Five Feminist Anthems for International Women's Day!
Around the world, every March 8 marks International Women's Day. In case you weren't up on game, that's what today's Google Doodle and Twitter trending is all about. In the United States, this year's International Women's Day comes at a time when somehow contraception is a hot political issue of debate (really?) Radio host blob Rush Limbaugh feels free launching into sexist tirades in opining on the subject costing him advertisers in the aftermath and KFI's John and Ken demeaned the late Whitney Houston as a "crack ho" earning them a suspension.

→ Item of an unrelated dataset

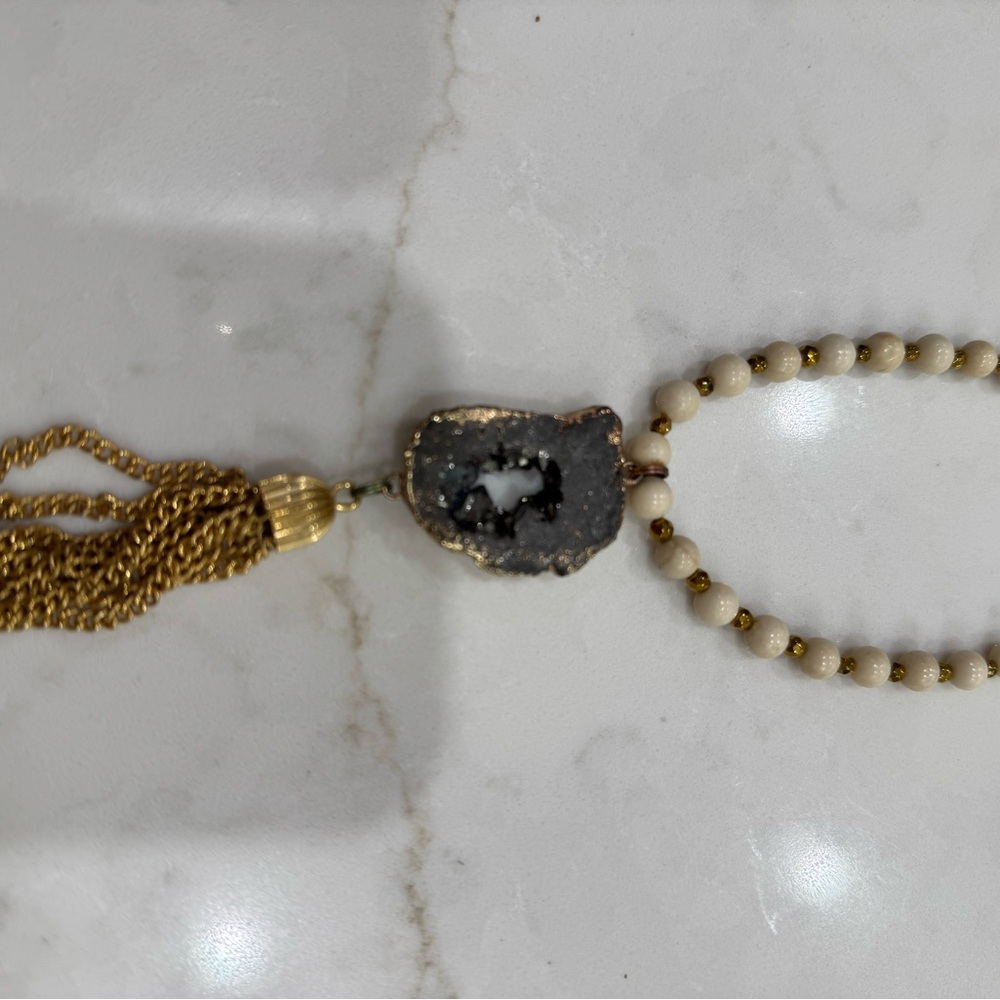 Gold and Black Geode Necklace with gold tassel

Before this current upsurge in the war on women coming from Washington and the airwaves, International Women's Day traces its roots back to March 8, 1908, when thousands of women workers in the "needle trades" marched through New York City demanding improved conditions and pay.
In celebration of the spirit, Heard Mentality says 'feliz día de la mujer!' with this list of the following five feminist anthems!
1. Queen Latifah - U.N.I.T.Y.
This rap song for the ages is nearly twenty years old as it was released back in the day in 1993. Still, the saxophone melodies and the lyrical demand for self respect "Who you calling a bitch?" in the song is as important now as it was then when I would see it selected on The Box music channel.
In "Four Women" the great singer, pianist, composer Nina Simone took listeners through a brilliant lyrical portrait of four African-American women throughout history. Rapper Talib Kweli would later do a version called "For Women" on Reflection Eternal's Train of Thought album paying homage to the masterpiece.
The title track off of the mid-'90s Righteous Babe records release, "Not a Pretty Girl" illustrated Ani Difranco's songwriting prowess: "Every time I say something they find hard to hear / They chalk it up to my anger / And never to their own fear." At concerts, her every words are faithfully recited by adoring audiences.
Brilliant in their militancy, Krudas Cubensi, the Austin-based duo by way of Cuba, are fiercely feminist rappers on a mission. When they perform the 'let your belly hang out' anthem "La Gorda" Pasa Kruda now prefixes it with an earlier song from the collective's career "Eres Bella." The continuity of content in celebrating beauty is executed with perfection.
What's a list of International Women's Day inspired music would be complete without some riot grrl rock? Dedicate Kathleen Hanna's chorus line "Rebel girl / You are the queen of my world" to all the women in your life today (all day, every day!)